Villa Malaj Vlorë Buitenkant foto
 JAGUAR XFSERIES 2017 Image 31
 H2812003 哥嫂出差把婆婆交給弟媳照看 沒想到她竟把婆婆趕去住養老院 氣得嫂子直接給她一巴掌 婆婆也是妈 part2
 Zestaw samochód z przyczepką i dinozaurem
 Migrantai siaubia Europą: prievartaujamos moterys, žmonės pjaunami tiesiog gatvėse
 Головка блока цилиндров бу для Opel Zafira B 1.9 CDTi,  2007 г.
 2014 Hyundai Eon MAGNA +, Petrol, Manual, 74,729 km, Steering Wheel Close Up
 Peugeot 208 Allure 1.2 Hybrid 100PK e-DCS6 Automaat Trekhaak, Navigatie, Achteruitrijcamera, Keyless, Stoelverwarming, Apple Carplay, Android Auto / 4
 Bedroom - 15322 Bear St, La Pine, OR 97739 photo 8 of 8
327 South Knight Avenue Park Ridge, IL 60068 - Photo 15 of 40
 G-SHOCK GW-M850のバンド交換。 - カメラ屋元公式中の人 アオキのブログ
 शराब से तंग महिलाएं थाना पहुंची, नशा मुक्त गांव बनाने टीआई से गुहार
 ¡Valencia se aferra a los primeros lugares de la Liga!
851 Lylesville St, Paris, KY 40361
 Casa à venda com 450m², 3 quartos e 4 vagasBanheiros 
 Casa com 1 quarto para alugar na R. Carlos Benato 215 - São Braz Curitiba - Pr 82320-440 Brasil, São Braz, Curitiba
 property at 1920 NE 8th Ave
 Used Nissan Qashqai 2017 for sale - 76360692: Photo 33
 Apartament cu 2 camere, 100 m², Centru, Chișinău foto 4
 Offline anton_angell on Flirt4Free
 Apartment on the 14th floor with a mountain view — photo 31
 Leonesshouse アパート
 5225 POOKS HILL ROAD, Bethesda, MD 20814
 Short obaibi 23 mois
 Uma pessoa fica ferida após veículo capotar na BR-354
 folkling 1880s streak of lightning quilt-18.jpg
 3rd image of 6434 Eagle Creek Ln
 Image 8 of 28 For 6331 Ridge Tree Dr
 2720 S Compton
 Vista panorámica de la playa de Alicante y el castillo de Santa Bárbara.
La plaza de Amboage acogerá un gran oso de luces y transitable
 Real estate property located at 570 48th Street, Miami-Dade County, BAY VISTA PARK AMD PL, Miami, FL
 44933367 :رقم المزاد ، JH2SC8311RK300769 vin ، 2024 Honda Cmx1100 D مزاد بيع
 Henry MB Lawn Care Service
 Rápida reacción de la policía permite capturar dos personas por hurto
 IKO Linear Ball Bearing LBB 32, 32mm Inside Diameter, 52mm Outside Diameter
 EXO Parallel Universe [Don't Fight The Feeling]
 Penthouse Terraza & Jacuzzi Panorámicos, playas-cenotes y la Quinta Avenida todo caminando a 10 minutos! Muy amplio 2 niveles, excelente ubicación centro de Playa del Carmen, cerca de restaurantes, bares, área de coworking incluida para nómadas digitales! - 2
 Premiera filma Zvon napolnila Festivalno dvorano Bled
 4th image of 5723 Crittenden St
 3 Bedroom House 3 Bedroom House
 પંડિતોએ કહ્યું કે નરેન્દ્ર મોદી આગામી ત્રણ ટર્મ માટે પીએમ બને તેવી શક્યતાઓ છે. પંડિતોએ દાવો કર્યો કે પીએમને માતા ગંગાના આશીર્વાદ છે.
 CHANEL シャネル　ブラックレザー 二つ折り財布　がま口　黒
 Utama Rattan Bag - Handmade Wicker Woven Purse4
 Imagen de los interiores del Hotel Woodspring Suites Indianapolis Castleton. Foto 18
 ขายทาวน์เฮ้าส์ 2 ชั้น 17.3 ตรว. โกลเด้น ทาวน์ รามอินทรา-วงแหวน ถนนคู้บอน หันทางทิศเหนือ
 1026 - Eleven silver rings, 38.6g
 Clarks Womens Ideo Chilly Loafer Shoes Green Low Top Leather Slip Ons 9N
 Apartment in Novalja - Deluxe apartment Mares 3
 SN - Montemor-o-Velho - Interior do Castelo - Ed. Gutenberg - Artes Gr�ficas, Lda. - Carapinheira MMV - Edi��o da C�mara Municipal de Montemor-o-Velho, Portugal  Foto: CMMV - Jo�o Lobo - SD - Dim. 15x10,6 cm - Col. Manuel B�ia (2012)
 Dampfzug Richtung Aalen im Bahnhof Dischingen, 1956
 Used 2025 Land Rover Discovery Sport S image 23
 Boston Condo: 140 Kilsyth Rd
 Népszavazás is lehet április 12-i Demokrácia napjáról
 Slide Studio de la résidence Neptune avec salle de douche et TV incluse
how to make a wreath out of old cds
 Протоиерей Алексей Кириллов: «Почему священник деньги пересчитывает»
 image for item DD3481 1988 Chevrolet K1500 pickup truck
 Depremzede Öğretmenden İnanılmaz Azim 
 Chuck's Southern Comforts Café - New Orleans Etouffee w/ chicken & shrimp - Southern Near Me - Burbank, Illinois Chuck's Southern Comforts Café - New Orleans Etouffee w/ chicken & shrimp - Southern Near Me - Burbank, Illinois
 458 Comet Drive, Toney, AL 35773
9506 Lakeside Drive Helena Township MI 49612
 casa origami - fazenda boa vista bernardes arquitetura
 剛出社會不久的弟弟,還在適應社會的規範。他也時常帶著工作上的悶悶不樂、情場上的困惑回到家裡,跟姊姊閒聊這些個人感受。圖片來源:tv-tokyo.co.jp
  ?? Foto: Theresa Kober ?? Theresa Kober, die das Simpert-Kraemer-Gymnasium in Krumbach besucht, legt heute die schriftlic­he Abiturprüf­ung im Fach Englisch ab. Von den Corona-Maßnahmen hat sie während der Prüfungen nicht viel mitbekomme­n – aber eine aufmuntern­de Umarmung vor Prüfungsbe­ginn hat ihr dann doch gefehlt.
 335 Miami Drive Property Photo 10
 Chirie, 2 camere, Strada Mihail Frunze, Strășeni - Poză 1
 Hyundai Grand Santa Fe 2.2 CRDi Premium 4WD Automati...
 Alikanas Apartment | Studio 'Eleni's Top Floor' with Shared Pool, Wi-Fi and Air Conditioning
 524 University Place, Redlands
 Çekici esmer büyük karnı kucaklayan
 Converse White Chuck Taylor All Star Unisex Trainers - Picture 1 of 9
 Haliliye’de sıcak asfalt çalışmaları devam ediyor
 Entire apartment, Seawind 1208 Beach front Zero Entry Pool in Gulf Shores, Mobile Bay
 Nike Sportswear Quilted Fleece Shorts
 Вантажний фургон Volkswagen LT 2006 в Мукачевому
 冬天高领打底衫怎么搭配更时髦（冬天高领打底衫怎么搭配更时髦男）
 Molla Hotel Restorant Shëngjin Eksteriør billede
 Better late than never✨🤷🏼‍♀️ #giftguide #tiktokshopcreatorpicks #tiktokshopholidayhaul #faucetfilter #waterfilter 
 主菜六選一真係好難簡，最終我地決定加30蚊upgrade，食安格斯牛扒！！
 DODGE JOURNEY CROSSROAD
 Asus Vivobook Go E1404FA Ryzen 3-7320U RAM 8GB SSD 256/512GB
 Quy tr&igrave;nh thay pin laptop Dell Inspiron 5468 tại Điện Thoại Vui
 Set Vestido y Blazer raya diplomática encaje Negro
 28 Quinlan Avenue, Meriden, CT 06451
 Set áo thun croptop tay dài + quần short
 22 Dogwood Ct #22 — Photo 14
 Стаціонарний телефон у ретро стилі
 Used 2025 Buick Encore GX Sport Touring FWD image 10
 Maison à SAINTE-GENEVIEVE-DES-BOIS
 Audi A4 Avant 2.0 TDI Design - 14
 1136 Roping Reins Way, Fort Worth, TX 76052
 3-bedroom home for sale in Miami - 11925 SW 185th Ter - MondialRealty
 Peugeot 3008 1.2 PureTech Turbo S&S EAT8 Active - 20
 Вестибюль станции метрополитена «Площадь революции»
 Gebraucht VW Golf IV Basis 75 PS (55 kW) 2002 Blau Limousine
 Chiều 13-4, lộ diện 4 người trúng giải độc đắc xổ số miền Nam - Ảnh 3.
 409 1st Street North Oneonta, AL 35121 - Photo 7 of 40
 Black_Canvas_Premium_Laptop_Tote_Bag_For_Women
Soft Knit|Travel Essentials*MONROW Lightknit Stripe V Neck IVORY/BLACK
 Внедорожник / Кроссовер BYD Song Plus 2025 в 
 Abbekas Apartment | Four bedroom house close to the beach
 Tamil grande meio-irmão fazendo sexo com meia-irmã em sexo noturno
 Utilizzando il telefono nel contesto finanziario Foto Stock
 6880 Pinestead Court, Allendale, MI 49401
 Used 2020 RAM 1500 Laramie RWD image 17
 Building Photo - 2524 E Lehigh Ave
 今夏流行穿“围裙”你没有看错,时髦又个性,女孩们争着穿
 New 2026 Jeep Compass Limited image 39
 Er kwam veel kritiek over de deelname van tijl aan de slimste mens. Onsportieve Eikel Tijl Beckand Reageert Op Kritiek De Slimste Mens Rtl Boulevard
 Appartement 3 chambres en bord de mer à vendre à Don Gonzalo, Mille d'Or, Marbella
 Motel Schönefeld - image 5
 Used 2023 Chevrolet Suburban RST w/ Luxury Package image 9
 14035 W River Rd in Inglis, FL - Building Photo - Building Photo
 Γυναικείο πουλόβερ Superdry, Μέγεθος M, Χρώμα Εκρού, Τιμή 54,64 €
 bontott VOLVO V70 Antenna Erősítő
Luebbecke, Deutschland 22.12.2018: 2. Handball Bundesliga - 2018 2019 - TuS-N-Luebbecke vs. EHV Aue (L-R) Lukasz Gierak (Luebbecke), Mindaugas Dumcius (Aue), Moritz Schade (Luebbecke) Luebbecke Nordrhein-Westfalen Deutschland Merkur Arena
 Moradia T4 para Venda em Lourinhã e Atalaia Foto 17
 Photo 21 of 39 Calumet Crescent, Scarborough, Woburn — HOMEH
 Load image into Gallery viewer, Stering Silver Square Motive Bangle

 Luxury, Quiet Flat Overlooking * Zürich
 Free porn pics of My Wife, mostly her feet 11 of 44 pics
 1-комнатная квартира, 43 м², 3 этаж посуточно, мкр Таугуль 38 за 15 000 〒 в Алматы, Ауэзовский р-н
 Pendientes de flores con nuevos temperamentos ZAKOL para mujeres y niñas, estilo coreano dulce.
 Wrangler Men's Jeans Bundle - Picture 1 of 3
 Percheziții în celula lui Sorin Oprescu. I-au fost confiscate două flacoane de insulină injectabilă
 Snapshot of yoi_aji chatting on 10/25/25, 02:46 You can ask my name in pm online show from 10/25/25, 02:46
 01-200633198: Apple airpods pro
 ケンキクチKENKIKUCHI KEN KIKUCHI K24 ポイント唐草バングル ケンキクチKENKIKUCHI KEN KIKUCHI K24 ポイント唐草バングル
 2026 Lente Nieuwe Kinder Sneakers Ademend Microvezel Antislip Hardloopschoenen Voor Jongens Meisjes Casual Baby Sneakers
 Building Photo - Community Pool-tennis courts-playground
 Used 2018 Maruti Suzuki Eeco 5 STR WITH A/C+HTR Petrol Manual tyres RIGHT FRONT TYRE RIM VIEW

#### [EXERCISE PROMPT]
Nothing but a number should be given: the count of lines in the records that contain the word "Chuck".

#### [WRITTEN RESPONSE]
2